Syatthariyyah di Indonesia berasal dari Makkah, tidak dari India. Adalah Syekh 'Abdul-Raûf Singkel yang membawa thariqah ini pertama kali ke Aceh, dalam bimbingan Syekh Ahmad Al Qusyasyi di Makkah selama 19 tahun.
Sepeninggal 'Abdullah Asy-Syatthar, Thariqah Syatthariyyah disebarluaskan oleh murid-muridnya, terutama Muhammad Al-A’la, yang dikenal sebagai Qazan Syathiri. Dan muridnya yang paling berperan dalam mengembangkan dan menjadikan Thariqah Syatthariyyah sebagai thariqah yang berdiri sendiri adalah Muhammad Ghauts dari Gwalior (w. 1562), keturunan keempat dari sang pendiri.
Tradisi Thariqah Syatthariyyah yang bernafas India ini dibawa ke Tanah Suci oleh Syekh Shibghatullah bin Rûhullah (1606), salah seorang murid Wajihudîn dan mendirikan zawiyah di Madînah. Thariqah Syatthariyyah ini kemudian disebarluaskan dan dipopulerkan dengan bahasa Arab oleh muridnya, Syekh Ahmad Syimnawi. Begitu juga oleh salah seorang khalifahnya, yang kemudian memegang pucuk kepemimpinan Thariqah ini yaitu seorang guru asal Palestina Ahmad Al-Qusyasyi.
Setelah Ahmad Al-Qusyasyi meninggal, Syekh Ibrahim Al-Kurani asal Turki tampil menggantikannya sebagai pimpinan tertinggi dan pengajar Thariqah Syatthariyyah yang terkenal di wilayah Madînah. Ahmad Al-Qusyasyi dan Ibrahim Al-Kurani adalah guru dari 'Abdul-Raûf Singkel yang kemudian berhasil mengembangkan Syatthariyyah di Indonesia.

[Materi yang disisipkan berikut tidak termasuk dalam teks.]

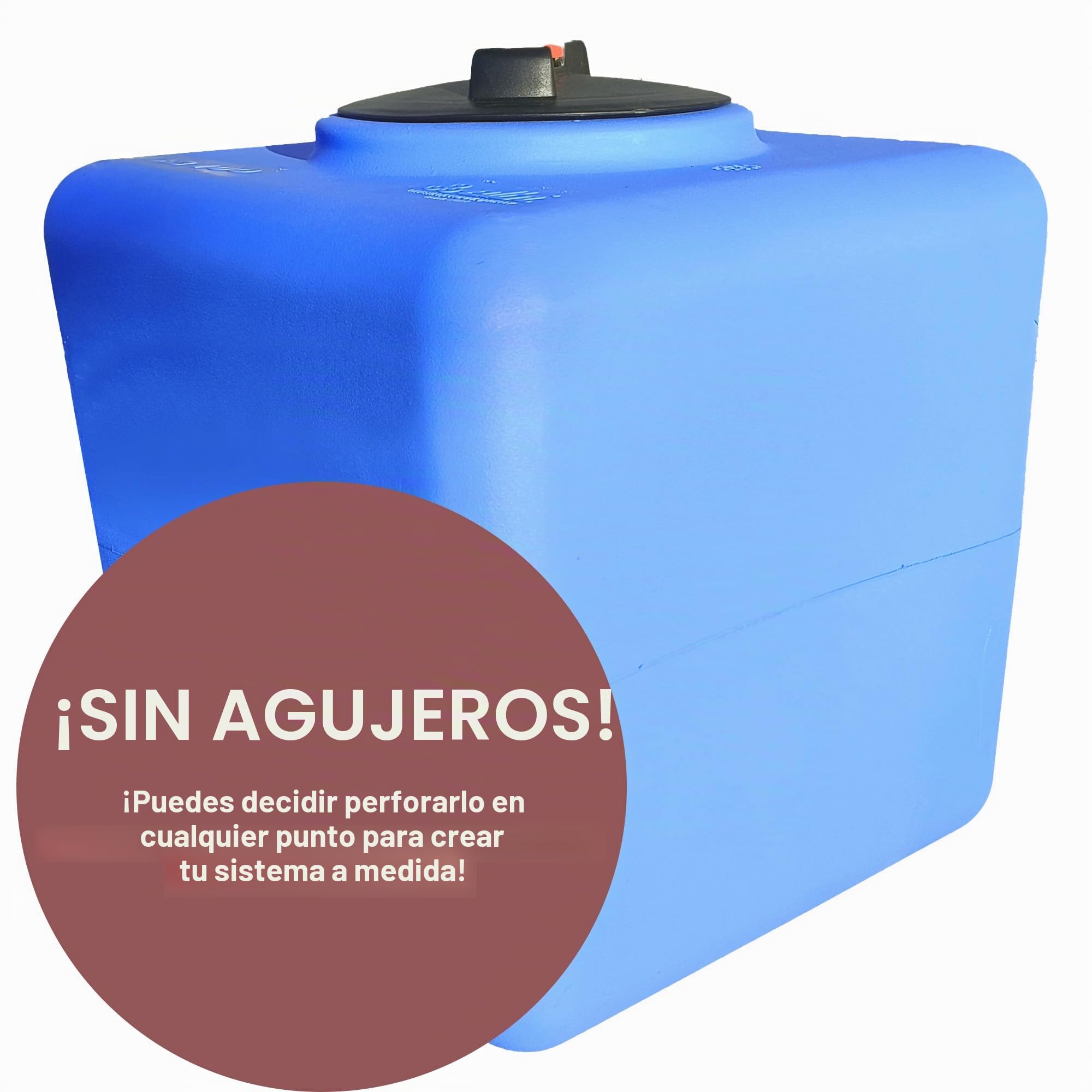 ESTO Depósito de agua potable cuadrado de 100 l, 200 l, 300 l, rectangular, de polietileno para recogida de agua, depósito exterior azul, para uso fuera del suelo, 100 l/bomba + control de presión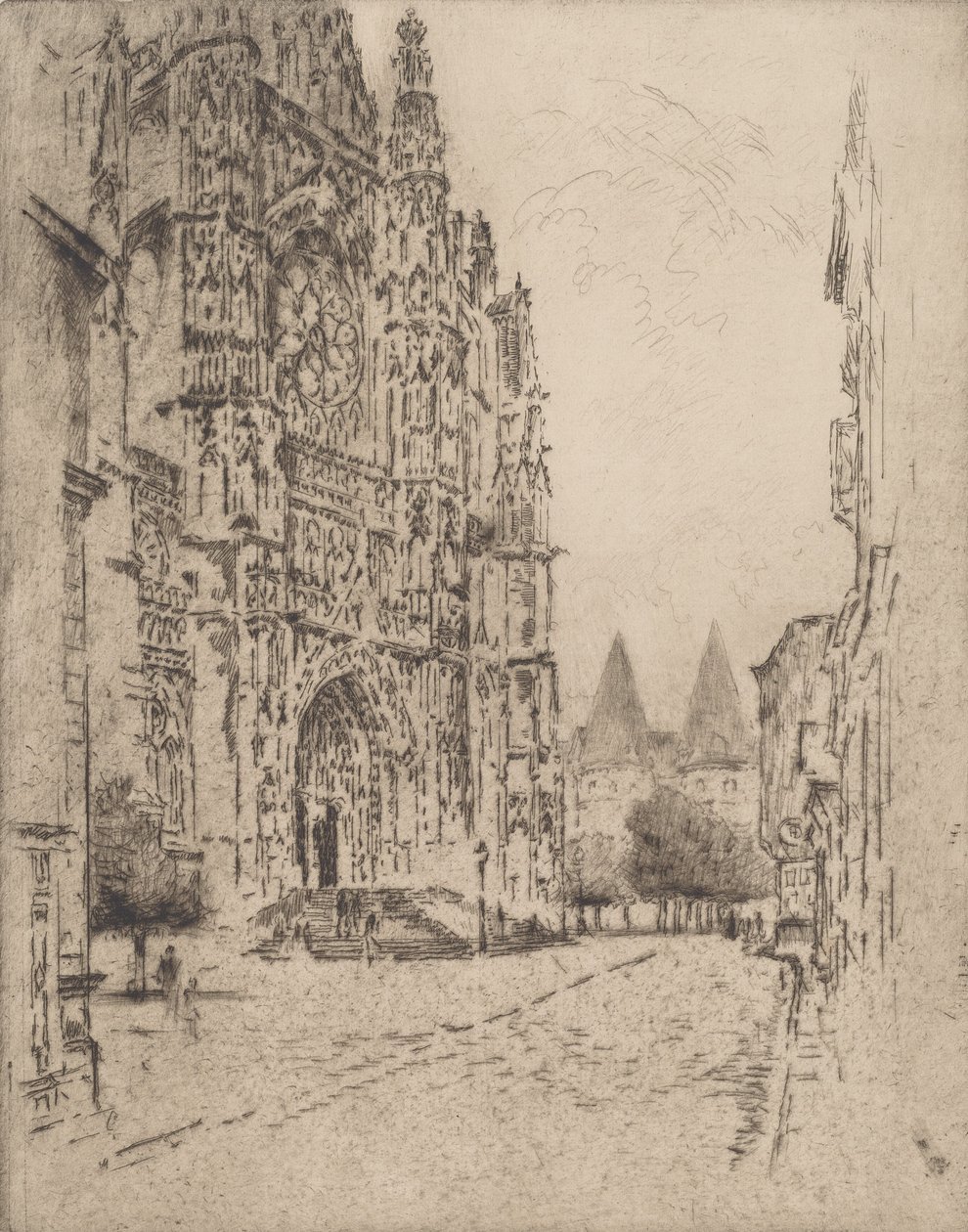 Piispan palatsin tornit, Beauvais, 1907. tekijältä Joseph Pennell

Bahkan, sebelum 'Abdul-Raûf Singkel, Thariqah Syatthariyyah telah diajarkan oleh Muhammad bin Fadhlullah Al-Burhanpuri (w. 1620), juga salah seorang murid Wajīhuddin, melalui kitabnya yang berjudul Tuhfat Al-Mursalāt ila Ar-Rūh An-Nabi.
Di Sumatera Barat dikembangkan oleh muridnya Syekh Burhanuddîn dari Pesantren Ulakan; di Jawa Barat, daerah Kuningan sampai Tasikmalaya, oleh Syekh Abdul-Muhyi. Dari Jawa Barat, thariqah ini kemudian menyebar ke Jawa Tengah dan Jawa Timur. Di Sulewasi Selatan disebarkan oleh salah seorang tokoh Thariqah Syatthariyyah yang cukup terkenal dan juga murid langsung dari Ibrahim Al-Kurani yaitu Syekh Yûsuf Tajul Khalwati (1629-1699).
Amalan Zikir Thariqah Syatthariyyah
Tujuh macam zikir Thariqah Syatthariyyah meliputi Thawaf, Zikir Nafi Itsbat, Itsbat Faqod, Ismu Dzat, Zikir Taraki, Zikir Tanazul, dan Zikir Ismu Ghaib.
Mengucap kalimat لا اله الا الله sebanyak 3x dilakukan pada diri (jagad) pribadi. Caranya memutar kepala, mulai dari bahu kiri. Alat penunjuknya adalah dagu (simbol pena Allah dengan tinta Nur Muhammad). Dengan dagu tersebut lalu menggaris dada (mulai dari bahu kiri) menuju bahu kanan, berpusat pada pusar, membentuk Lam Alif dengan mengucap kalimah “Lâ ilâha” (zikir pertama), dengan menahan nafas.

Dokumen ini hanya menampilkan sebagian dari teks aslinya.